Importa contrariar os discursos maniqueístas que insistem em opor a forma ao conteúdo. Porquê? Pois bem, porque a forma resume-se ao primeiro dos conteúdos. Isto é, a construção de uma narrativa, encontra mesmo as suas raízes vitais na visão do mundo que nela se integra. Contudo, apenas uns poucos autores têm esse dom, de nos conseguir fazer sentir que o modo como contam as suas histórias, já é intrinsecamente parte das mesmas, e o americano David Robert Mitchell é um deles. Afinal, será necessário recordar a maneira como convocou a ambiência melancólica e perturbante do cinema de terror americano dos anos 80 (encontrando em John Carpenter uma referência fundamental), para acompanhar as duras convulsões do crescimento em “Vai Seguir-te”?

Em “O Mistério de Silver Lake”, encontramo-lo a trabalhar certos modelos de surrealismo que tendemos a associar a autores como David Lynch ou Jim Hosking, para encenar as deambulações mais ou menos erráticas de um jovem desempregado (Andrew Garfield), que se apaixona perdidamente por uma mulher que mal conhece (Riley Keough), depois de passar umas horas com ela. Na manhã seguinte, a mesma desaparece sem deixar rasto, e ele sente a necessidade de descobrir o que lhe aconteceu. Porém, essa busca aprisiona-o numa frustrante espiral de códigos e conspirações, sem saídas fáceis, nem explicações acessíveis.


A partir dessa “simples” premissa, Robert Mitchell criam uma narrativa paradoxal. Por um lado, a ambiência das personagens e lugares trazem à mente a estranheza grotesca desse surrealismo previamente mencionado, combinando-o com a herança do defunto noir (sentido na banda-sonora, e nos muitos posters que surgem nas paredes do protagonista), de maneira a construir um intrincado labirinto de aparências, onde até a máscara menos transparente pode ocultar os segredos mais obscenos. Por outro, tudo parece acontecer numa cidade fora de tempo, onde colidem inúmeras solidões, cada uma enredada numa linguagem que as outras são incapazes de entender.

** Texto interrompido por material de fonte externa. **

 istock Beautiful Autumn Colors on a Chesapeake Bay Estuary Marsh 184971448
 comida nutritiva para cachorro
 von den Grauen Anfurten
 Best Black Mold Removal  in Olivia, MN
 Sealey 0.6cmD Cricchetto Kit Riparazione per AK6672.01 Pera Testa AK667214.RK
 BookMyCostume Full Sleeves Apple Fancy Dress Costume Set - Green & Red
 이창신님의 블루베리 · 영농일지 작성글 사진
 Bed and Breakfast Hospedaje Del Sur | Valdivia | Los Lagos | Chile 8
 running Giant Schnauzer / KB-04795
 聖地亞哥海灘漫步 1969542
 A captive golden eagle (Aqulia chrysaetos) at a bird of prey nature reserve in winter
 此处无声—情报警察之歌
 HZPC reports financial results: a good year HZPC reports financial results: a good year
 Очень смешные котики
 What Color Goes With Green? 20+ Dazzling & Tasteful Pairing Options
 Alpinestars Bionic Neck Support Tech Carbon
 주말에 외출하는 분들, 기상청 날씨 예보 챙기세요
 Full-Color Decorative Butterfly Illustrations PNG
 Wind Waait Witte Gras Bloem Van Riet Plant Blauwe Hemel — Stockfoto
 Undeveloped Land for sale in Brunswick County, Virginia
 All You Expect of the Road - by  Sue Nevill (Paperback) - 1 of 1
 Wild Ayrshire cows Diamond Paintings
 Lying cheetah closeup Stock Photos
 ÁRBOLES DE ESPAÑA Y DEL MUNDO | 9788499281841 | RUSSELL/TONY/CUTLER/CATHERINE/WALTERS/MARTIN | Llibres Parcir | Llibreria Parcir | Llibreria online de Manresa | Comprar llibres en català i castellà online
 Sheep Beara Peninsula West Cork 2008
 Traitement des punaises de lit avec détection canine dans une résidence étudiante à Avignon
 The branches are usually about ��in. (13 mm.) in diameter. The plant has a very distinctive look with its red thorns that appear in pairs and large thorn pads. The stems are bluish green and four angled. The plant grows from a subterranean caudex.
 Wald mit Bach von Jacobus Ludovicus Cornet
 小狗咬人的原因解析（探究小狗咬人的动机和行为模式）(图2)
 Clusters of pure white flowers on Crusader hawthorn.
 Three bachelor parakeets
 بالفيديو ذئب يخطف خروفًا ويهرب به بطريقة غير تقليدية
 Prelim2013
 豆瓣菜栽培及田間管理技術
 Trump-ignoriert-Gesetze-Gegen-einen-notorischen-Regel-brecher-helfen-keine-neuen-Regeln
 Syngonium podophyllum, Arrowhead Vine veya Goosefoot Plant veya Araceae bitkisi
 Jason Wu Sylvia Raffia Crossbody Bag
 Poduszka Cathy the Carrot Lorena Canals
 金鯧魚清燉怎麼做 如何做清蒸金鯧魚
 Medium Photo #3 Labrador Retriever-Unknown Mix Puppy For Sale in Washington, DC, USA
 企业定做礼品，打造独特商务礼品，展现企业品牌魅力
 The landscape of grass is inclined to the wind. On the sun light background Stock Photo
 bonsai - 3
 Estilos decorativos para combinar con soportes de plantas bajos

Tudo isto encenado como uma experiência paradoxalmente onírica e realista, à medida que o protagonista vai sendo engolido pela sociedade que o rodeia e “O Mistério de Silver Lake” se começa a revelar como um poema sobre frustrações quotidianas, com pronunciadíssimos contornos de crítica social (o mundo está em apuros em múltiplas frentes e quase todos sofremos de problemas, no mínimo, fastidiosos, mas quem tem tempo para se preocupar com isso, quando há festas em telhados, séries de tv coloridas e música descerebrada na rádio?), que ainda tem o apanágio de também funcionar como um dos melhores e mais imprevisíveis thrillers dos últimos anos.